At its core, Padlock is a license generation and validation engine designed to easily integrate into a wide variety of Java applications.
Step 1: KeyPair Generation
Padlock’s security is based off of using the standard public key cryptography libraries built into Java. Each KeyPair contains a public key and private key, with each serving a unique purpose. The private key is used to sign licenses, and the public key is used to verify them. With this setup, once a license is signed by the private key it cannot be modified without detection. This ensures that Padlock licenses are authentic and unmodified.
Padlock comes with three key generation methods: The great Swing based Padlock Manager, the Padlock Command Line Tools, or right in the Padlock API.

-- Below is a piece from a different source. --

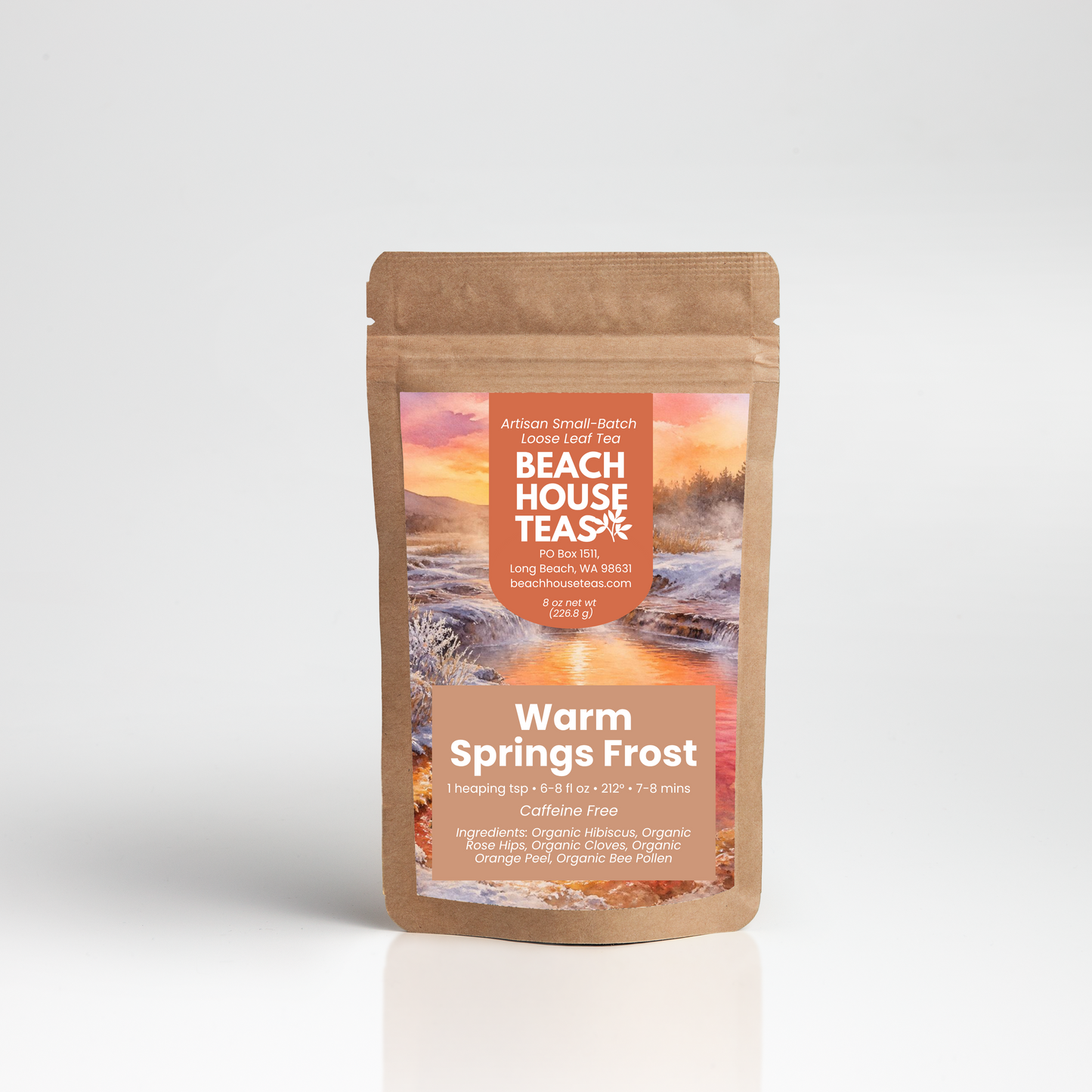 Gel de Warm Springs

Step 2: License Generation
Padlock allows you to custom design the license and its properties to serve and protect your business logic. Licenses can contain any number of custom parameters that cannot be modified by the end user. Easily embed items such a product identification, version information, purchase date, customer data, or anything else required by your application. Padlock Licenses also contains start and expiration dates, hardware locking, and floating expiration dates (for offering 30/60/90 day demos).

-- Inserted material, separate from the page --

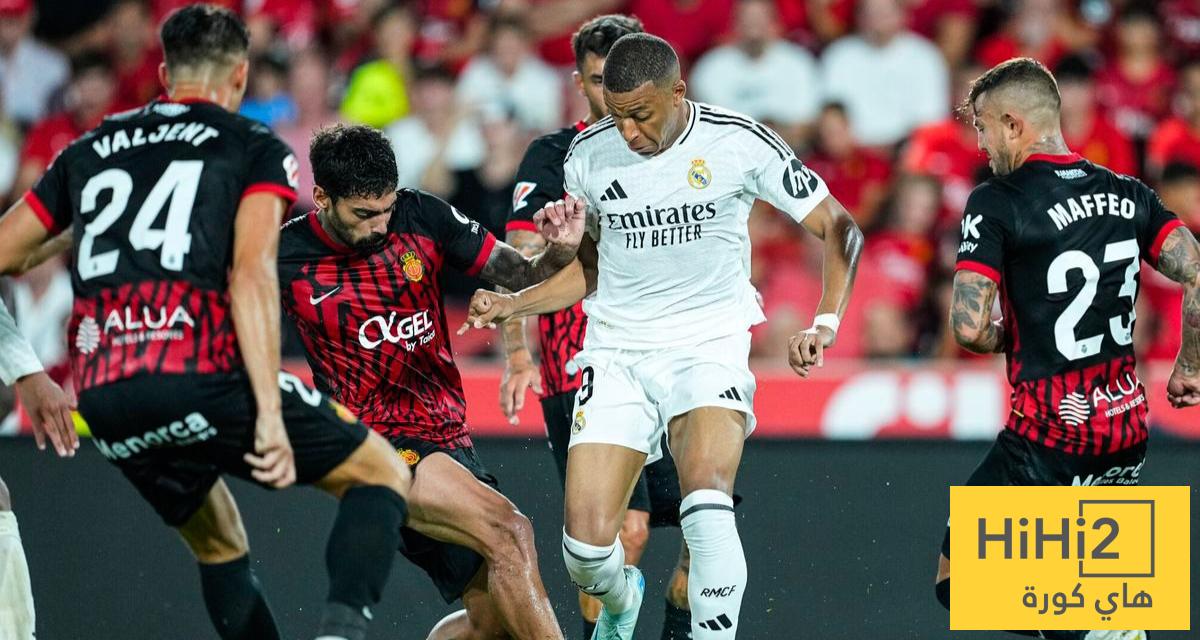ريال مدريد يهيمن على مايوركا في آخر 10 مواجهات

Much like the KeyPair generation, Licenses can be generated from Padlock Manager, the Command Line Tools, or programmatically via the Padlock API.

Step 3: Padlock Integration
Once the specifics of the License data has been ironed out, integrating Padlock into your Java application or library is easy. Embed the public key String into your code, import the License from a File, String, or any InputStream instance, and then create a new Padlock Validator to validate the license. Padlock will run a series of tests against the license to determine its status, and will return a set of individual test results along with a description for each.